No matter what our own experiences of our parents, this is still absolutely and unequivocally  true for each of us as a child of God the Father.   If you have a minute, read the sentence again slowly, pondering each of those words: “unmerited, unmeritable, anticipatory, unconditional and immutable.”  There is a lifetime of meditation there.  Let yourself taste a bit of the bliss.

The storehouse of our mind

When you find yourself in the middle of a trial, is there a verse from Scripture that wells up from your heart to sustain you?  I hope that is the case for you.  Amy Carmichael writes about the importance of filling the “storehouse of our mind” with the riches of the Scriptures so that we may find strength in time of need.

1 Cor 1.3  Blessed be God, even the Father of our Lord Jesus Christ, the Father of mercies, and the God of all comfort.

In one of his letters, Adolph Monod tells how he found in his hardest moments that it was enough to take firm hold on a single promise.  It sustained him the the sorest difficulties.  He loved the words Father of Compassions, as 2 Corinthians 1.3 has it in French.

When one is in great pain or trouble, or caught suddenly by fierce temptation, it is the word of strength or comfort that is set deep in the memory that takes life.  It speaks in a new tone, and becomes to us at that moment more than we could have ever believed it would be.  John 14.26 explains this: But the Comforter, which is the Holy Ghost . . . He shall teach you all things, and bring all things to your remembrance, whatsoever I have said unto you.

So let us fill the storehouse of our mind with the treasure of God’s word.  Every day offers opportunities.  When we go to bed tonight, let us think, “What treasure did I put in my storehouse today?”
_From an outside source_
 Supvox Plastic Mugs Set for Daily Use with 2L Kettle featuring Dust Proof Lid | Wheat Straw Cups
” . . . slain with such fire of love”

“St. Catherine of Siena ‘speaks of the crucified Jesus as “slain with such fire of love. . . as seems insatiable.  Yet still he thirsts, as if saying: ‘I have greater ardor and desire and thirst for your salvation that I am able to show you, [even] with my Passion.’ ”  Catherine could only descrive the God she encountered as ‘crazed with love.'”  (from Mother Teresa’s Secret Fire by Fr. Joseph Langford)

Seeing ourselves through the eyes of God

Magnificat has added a monthly feature written by Heather King (Parched) commenting on a particular feast of the month.  I thought I would share an excerpt from her piece on the Presentation:

To present our experiences at the temple is to sacramentalize them.  To present our experiences is to recognize that all experience, from the smallest to the largest, has a supernatural dimension.  We offer our experiences on the altar of the fact that we are loved just as we are, and that everything that happens to us is an opportunity to draw closer to Christ.  We present ourselves at the temple because our lives, our work, our sacrifices are not ourown.

Before we present ourselves at the temple, we see ourselves through the eyes of the world.  After we present ourselves at the temple, we see ourselves through the eyes of God.

Outside of the temple, for example, I am an aging spinster, alone and unloved.  Inside, I am a woman rich in insight, wisdom, and friends.  I’m reminded that I have a unique and special mission.  Before we ‘present’ our drug-addicted son at the temple, we are crazy with worry.  We feel like failures as parents, that our life’s work has gone for naught.  After presenting him at the temple, we remember that we have given our very best, that love is never wasted or lost, that our child is in the hands of God.  In fact, that is exactly what Mary and Joseph did with Jesus.